First - questioning our assumptions. Consider the coverage of either today’s “Islamic” extremists or the stereotypical knowledge of the medieval Crusades, and you will in both cases discover that our culture denounces them for the same reason - they were too zealous, too certain, and violence became the natural outgrowth of that certainty. If someone is so certain that Christianity or Islam is true (to take the two most prominent examples in the American press today), it will inevitably lead to violence or hatred or bigotry. Zealous certainty is the problem, therefore the solution is mixing in uncertainty, doubt, and global awareness of myriad of other religious or philosophical options.

The problem with that argument is twofold. First, it grants that the zealots understood the essence of their religion and consistently acted upon it. Speaking from a Christian perspective, I can say that any sort of Holy War in the name of Christ is - by definition - a MISunderstanding of Christianity because of the very essence of the New Covenant. Jesus himself is believed to have absorbed the punishment and holy destruction that we all deserve, so trying to imitate the Old Testament Holy Wars as a Christian ignores precisely what Jesus came to do. Violent Christians (those who seek to make more Christians by force) are not too certain about their Christianity, they’re wrong about their Christianity!

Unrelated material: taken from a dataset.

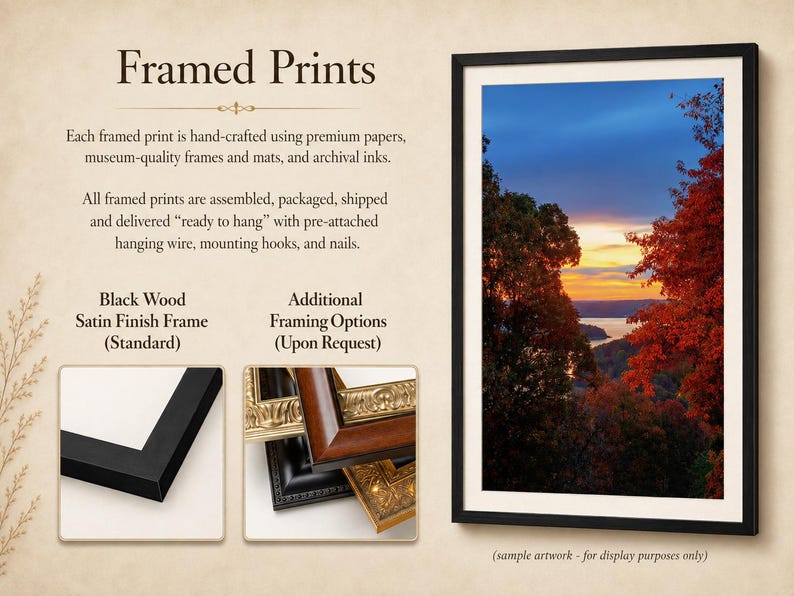 May include: A framed print featuring a landscape photograph of a sunset over a body of water framed by autumn trees. The display includes text about framed prints, a black satin finish frame, and additional ornate frame options.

The issue is not religious zeal. The issue is for what are we zealous. The problem in the above cases is not the certainty, it’s the link to violence. One can be zealous without being violent. Instead, I say, be zealous! Just be very clear about the object of your zeal. Did Martin Luther King need to be more moderate in his fight against racial injustice? Did Gandhi need to be more moderate in his perseverance against British imperialism? Did Mother Teresa need to be more moderate in her humility to serve the poorest of the poor? 

Second, not only are we tempted to give too much credit to the religiously zealous, we also lump them all in together, blinded by our own concealed zeal. Not only is this done within one religion (“if there are terrorists who claim to be Muslim, then all Muslims who are devout must be terrorists!”), but even across different religions (“if one terrorist acted on a supposedly religious certainty, then all religious certainty is to be avoided!”). We can be zealous advocates for moderation in a way that whitewashes the distinct and unique differences of religions, political ideals, or social movements. The irony around our assumptions for balance and moderation (two words I despise!) is that they are just as zealous in their condemnation of certainty. “Be balanced! Don’t be so certain!” Are we certain we shouldn’t be so certain? Surely the one absolute truth can’t be that there are no absolute truths!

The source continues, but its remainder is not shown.